*Goal of the exercise*: Quote every line of the data below as it stands, omitting pictures.

===== Data provided

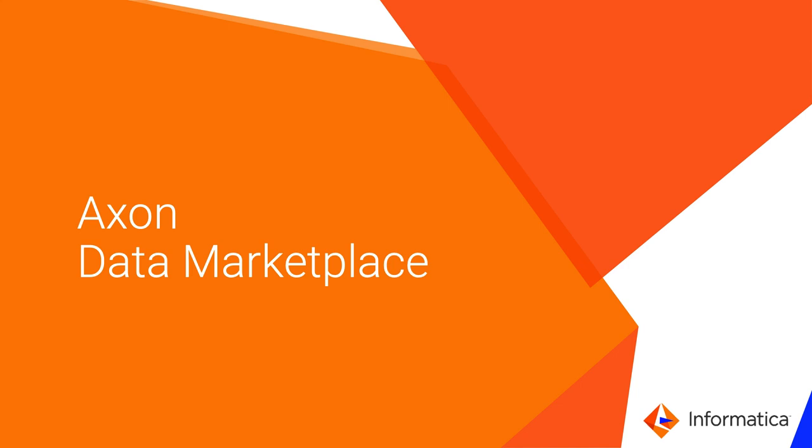This video will briefly introduce Axon's Data Marketplace, where data consumers can shop for data.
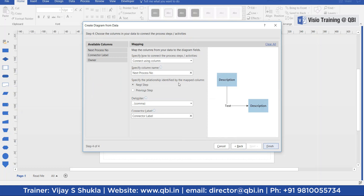Here we are saying connect using columns. Specify the column name: Next Process Number — that is the connection. Specify the relationship between the map columns, which is the next step. The delimiter is comma, and the connector label is the connector label column from our Excel file. Now we click Finish.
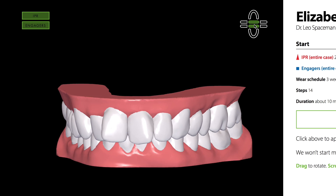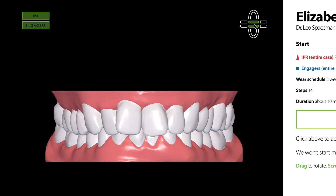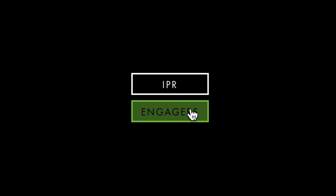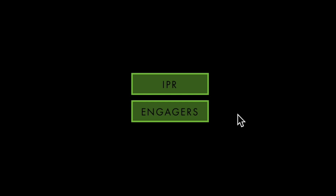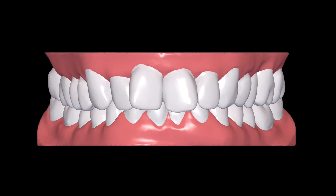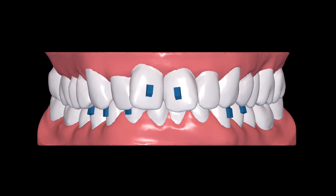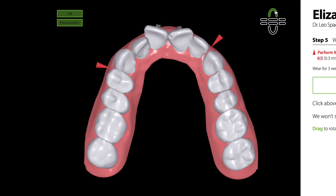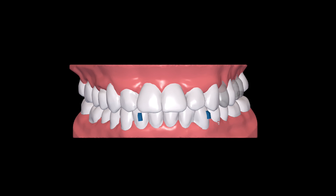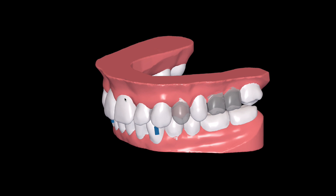If your case includes IPR or engagers, you can show or hide them by clicking these controls. Engagers are shown in blue when they're first placed, and in grey on subsequent steps. IPR is represented by red cones, and pontics are represented as translucent teeth.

==========

*Solution to the exercise*:
This video will briefly introduce Axon's Data Marketplace, where data consumers can shop for data.
Here we are saying connect using columns. Specify the column name: Next Process Number — that is the connection. Specify the relationship between the map columns, which is the next step. The delimiter is comma, and the connector label is the connector label column from our Excel file. Now we click Finish.
If your case includes IPR or engagers, you can show or hide them by clicking these controls. Engagers are shown in blue when they're first placed, and in grey on subsequent steps. IPR is represented by red cones, and pontics are represented as translucent teeth.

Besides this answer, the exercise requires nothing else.